▶ **Input for this task**
##############################
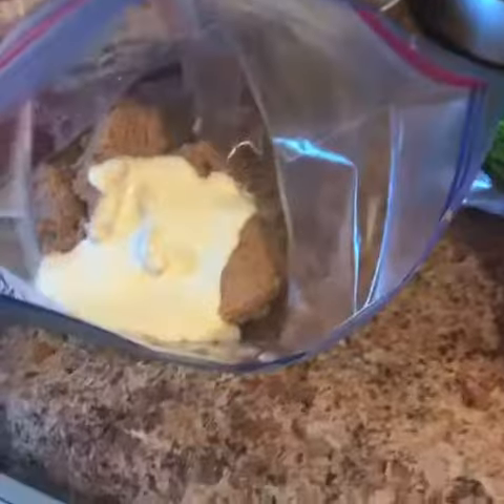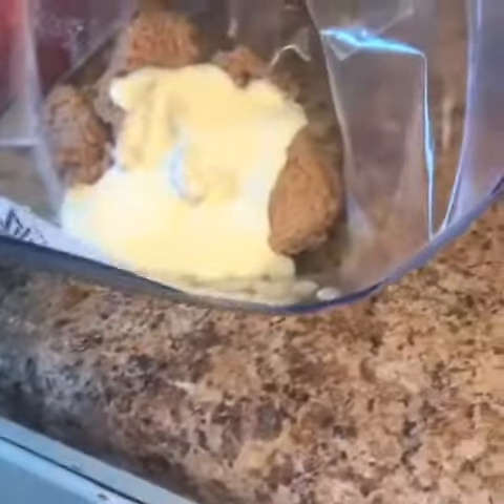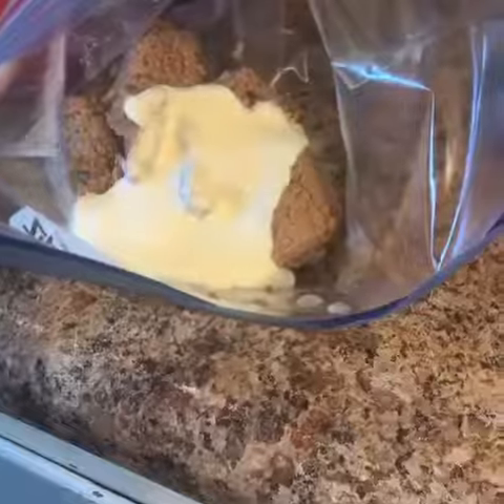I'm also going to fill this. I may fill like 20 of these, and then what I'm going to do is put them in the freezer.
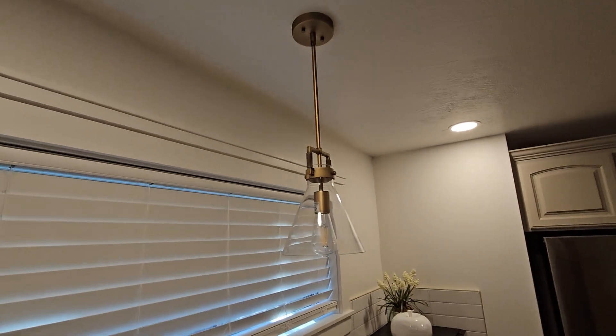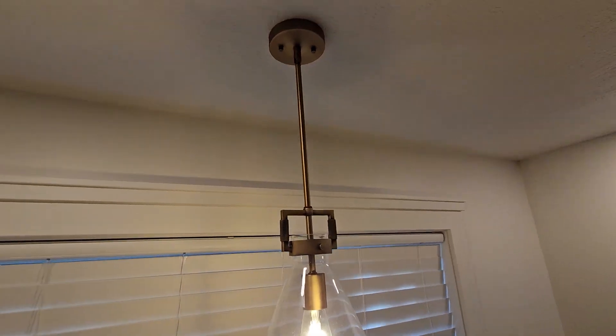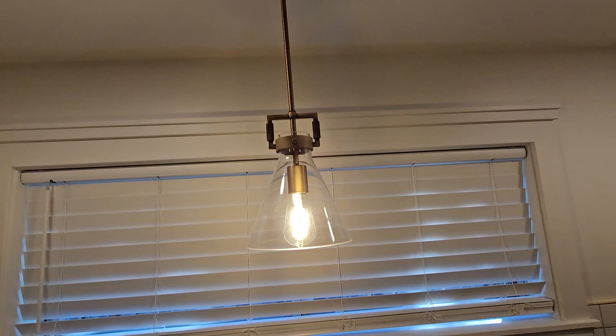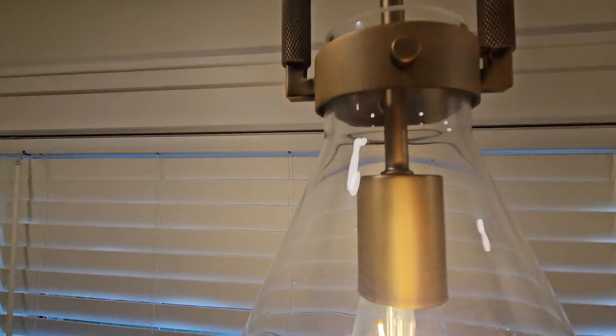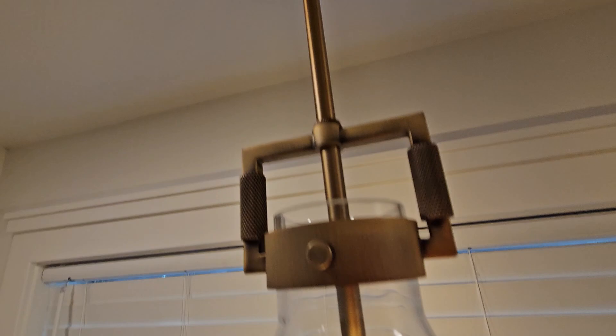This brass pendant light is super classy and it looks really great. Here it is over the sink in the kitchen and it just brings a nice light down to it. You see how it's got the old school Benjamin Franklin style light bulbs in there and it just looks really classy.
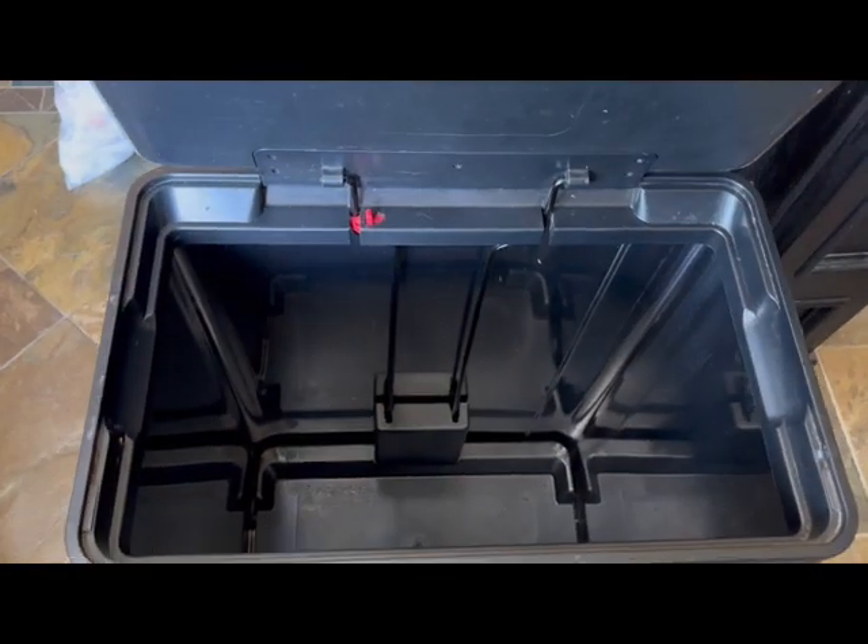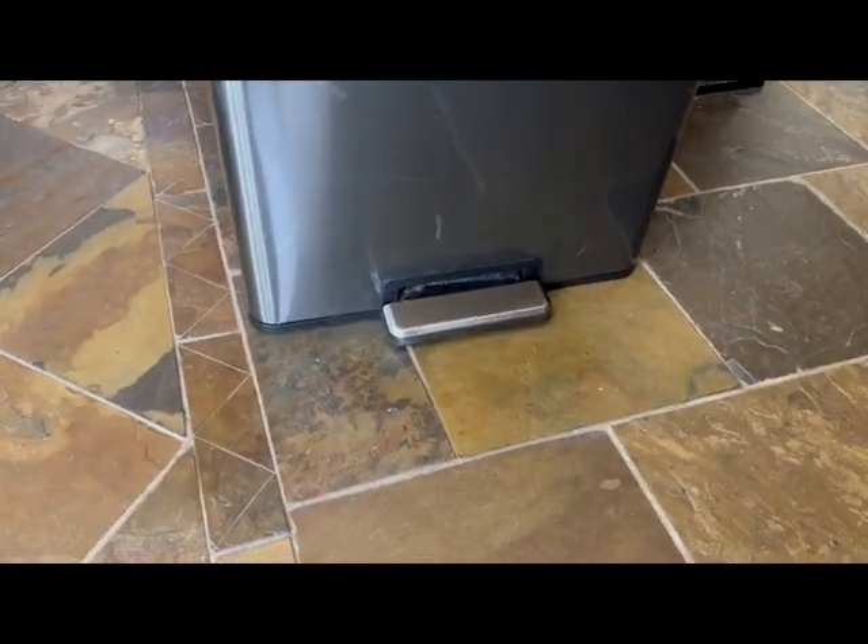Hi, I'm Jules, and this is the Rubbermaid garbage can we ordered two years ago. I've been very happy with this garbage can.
##############################
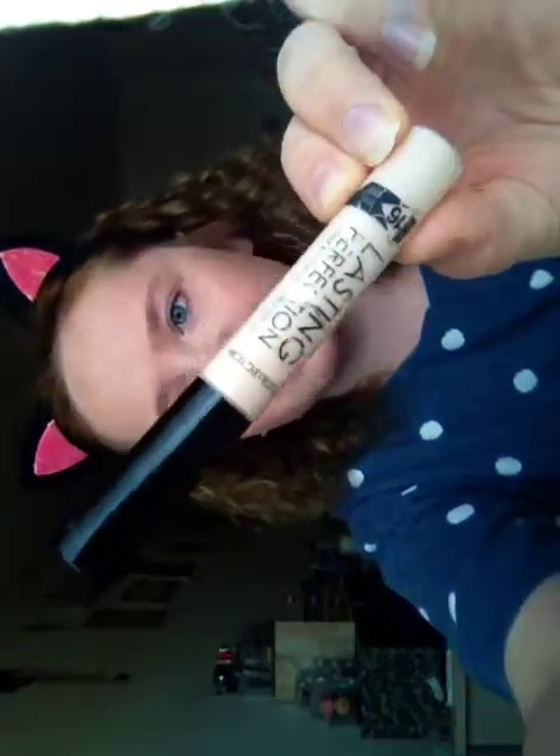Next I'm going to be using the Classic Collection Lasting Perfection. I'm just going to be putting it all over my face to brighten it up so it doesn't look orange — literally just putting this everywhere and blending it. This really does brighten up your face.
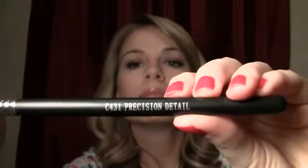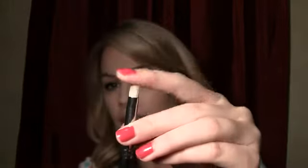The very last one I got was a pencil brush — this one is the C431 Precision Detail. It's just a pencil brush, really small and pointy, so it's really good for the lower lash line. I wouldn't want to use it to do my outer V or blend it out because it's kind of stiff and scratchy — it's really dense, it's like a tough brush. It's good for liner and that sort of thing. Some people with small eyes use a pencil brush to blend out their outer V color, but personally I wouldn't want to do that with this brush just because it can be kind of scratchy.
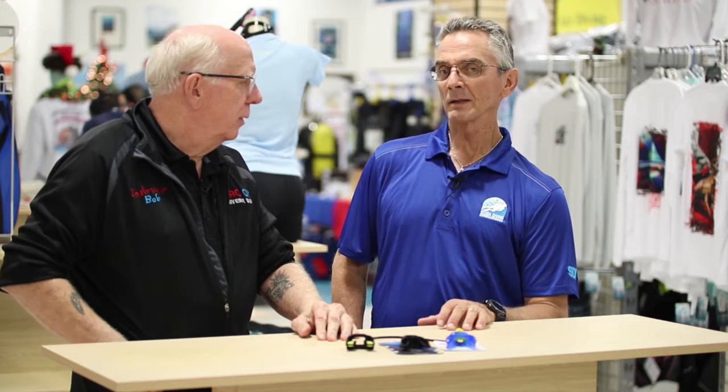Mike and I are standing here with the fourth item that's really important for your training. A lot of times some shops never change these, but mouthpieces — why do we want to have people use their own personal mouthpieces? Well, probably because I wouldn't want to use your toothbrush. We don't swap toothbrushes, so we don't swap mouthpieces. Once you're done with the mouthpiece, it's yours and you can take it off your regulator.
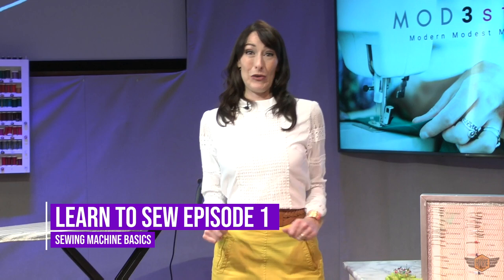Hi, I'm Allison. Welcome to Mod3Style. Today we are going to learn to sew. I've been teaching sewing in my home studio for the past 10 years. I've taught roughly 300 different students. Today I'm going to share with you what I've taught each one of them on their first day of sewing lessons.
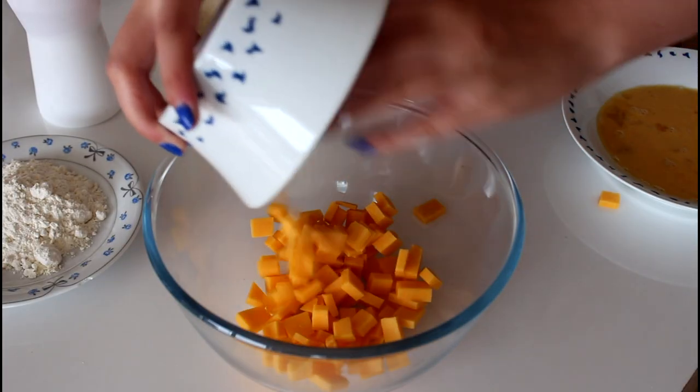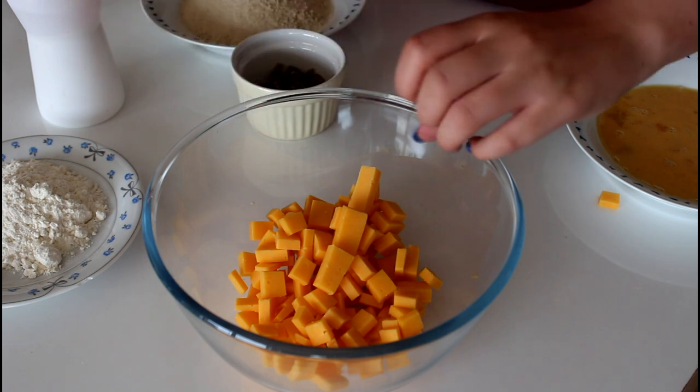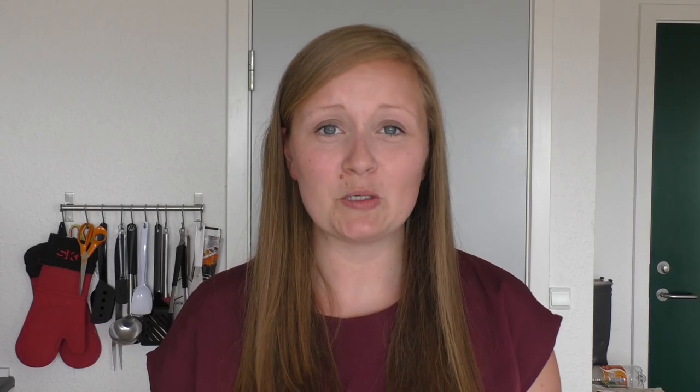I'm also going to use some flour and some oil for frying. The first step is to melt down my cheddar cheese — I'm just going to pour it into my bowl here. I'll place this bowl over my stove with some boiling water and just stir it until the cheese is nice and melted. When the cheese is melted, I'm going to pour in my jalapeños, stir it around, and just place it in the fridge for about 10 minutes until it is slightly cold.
##############################
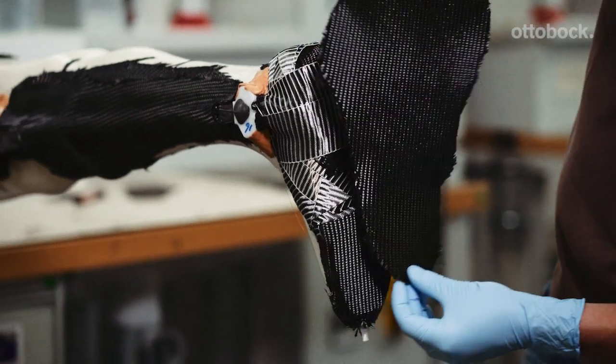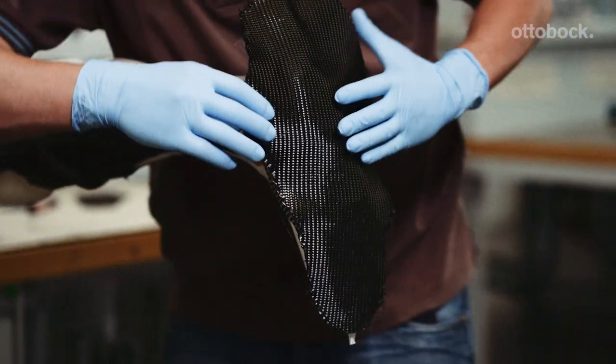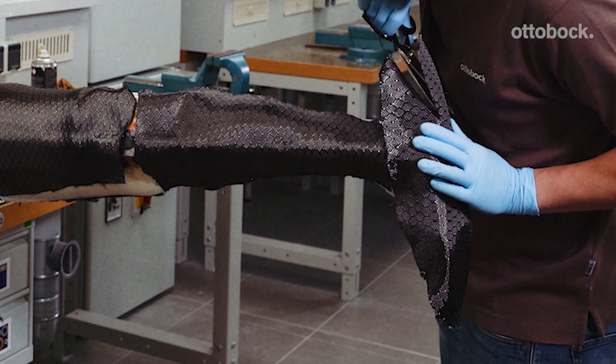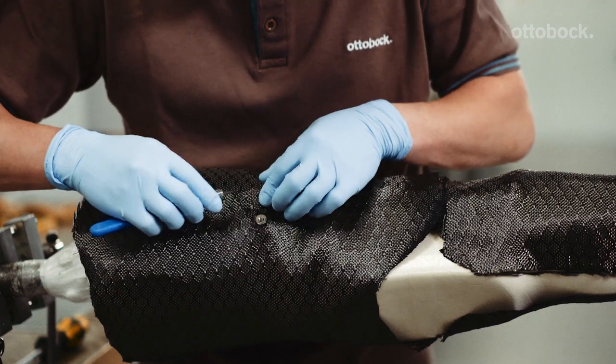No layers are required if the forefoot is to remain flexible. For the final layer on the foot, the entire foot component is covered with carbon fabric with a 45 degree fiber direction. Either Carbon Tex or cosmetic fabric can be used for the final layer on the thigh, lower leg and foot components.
##############################
▶ **Problem details**
Above is the material; set down exactly its lines from the one containing "This brass pendant" down to the one containing "Hi, I'm Jules, and", both included, leaving out any pictures.

▶ **Exercise output**
This brass pendant light is super classy and it looks really great. Here it is over the sink in the kitchen and it just brings a nice light down to it. You see how it's got the old school Benjamin Franklin style light bulbs in there and it just looks really classy.
Hi, I'm Jules, and this is the Rubbermaid garbage can we ordered two years ago. I've been very happy with this garbage can.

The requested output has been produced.